• **Exercise details**: After locating the line that holds "Sisustushylly 25,5x10x33,5cm - Pienkalusteet", copy that line and all that follow it word for word through the end of the data, with no pictures.

• **Provided data**:
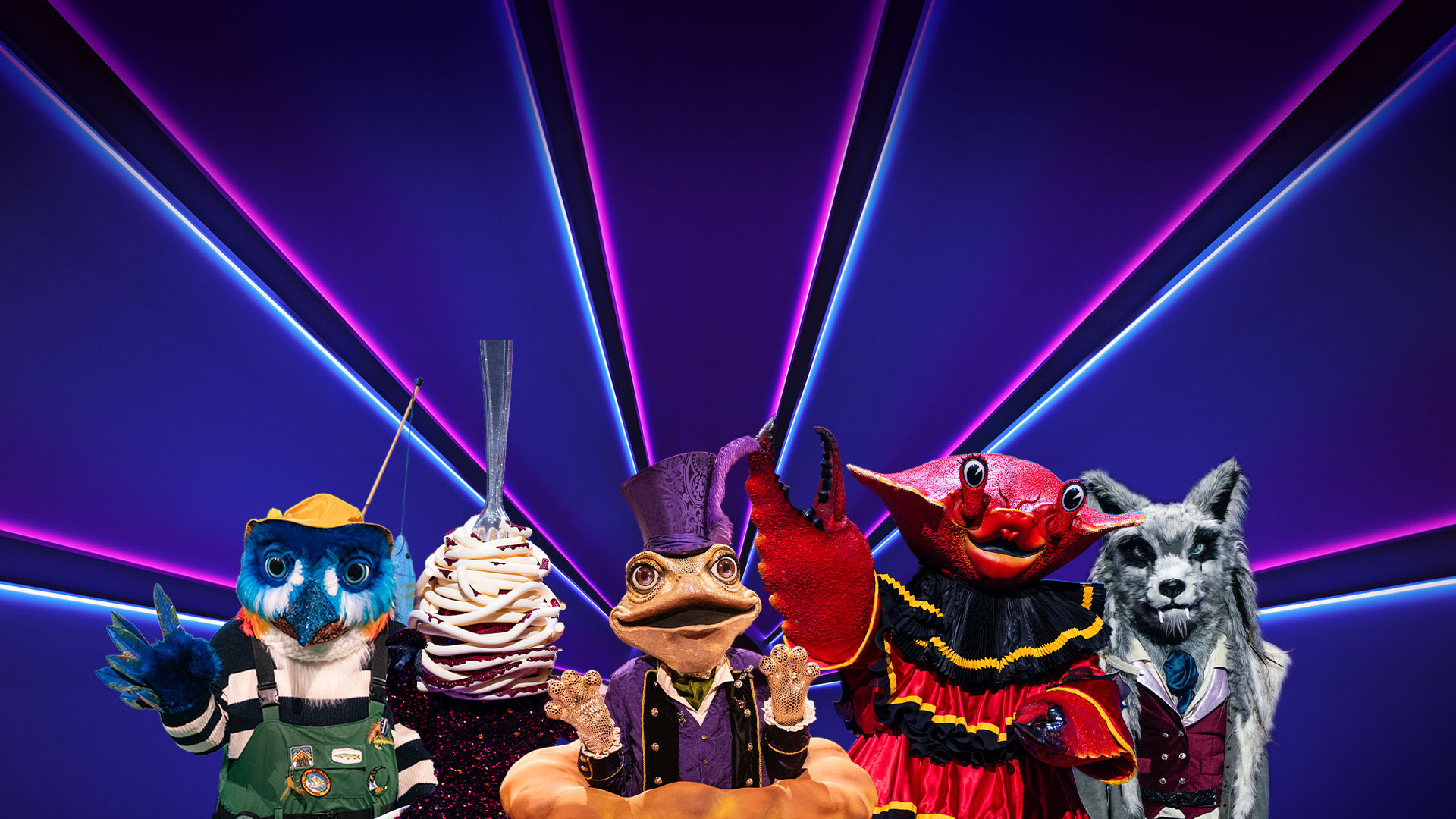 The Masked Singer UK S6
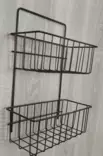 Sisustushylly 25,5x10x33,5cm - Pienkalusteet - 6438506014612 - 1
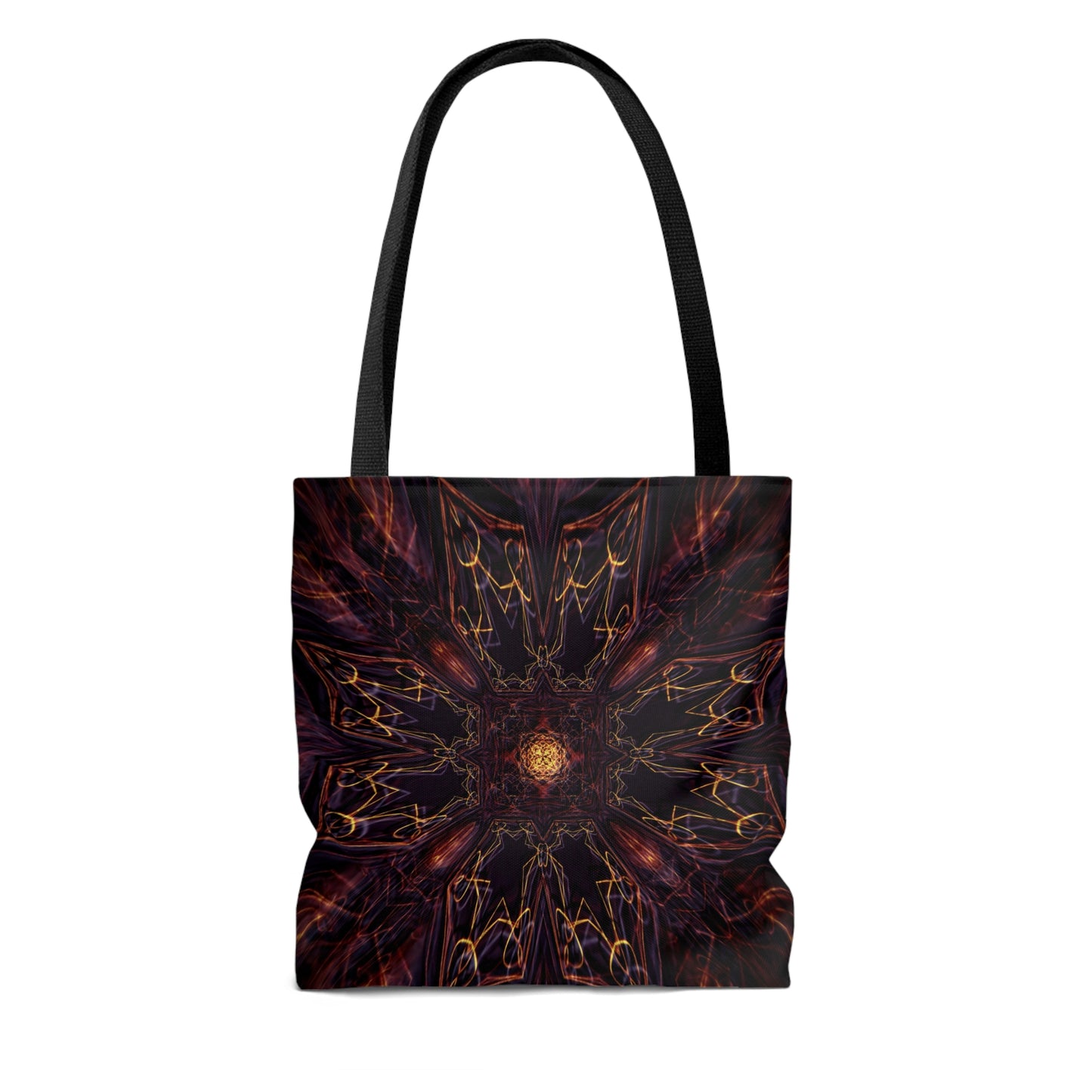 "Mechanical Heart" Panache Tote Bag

• **Reply to the exercise**:
 Sisustushylly 25,5x10x33,5cm - Pienkalusteet - 6438506014612 - 1
 "Mechanical Heart" Panache Tote Bag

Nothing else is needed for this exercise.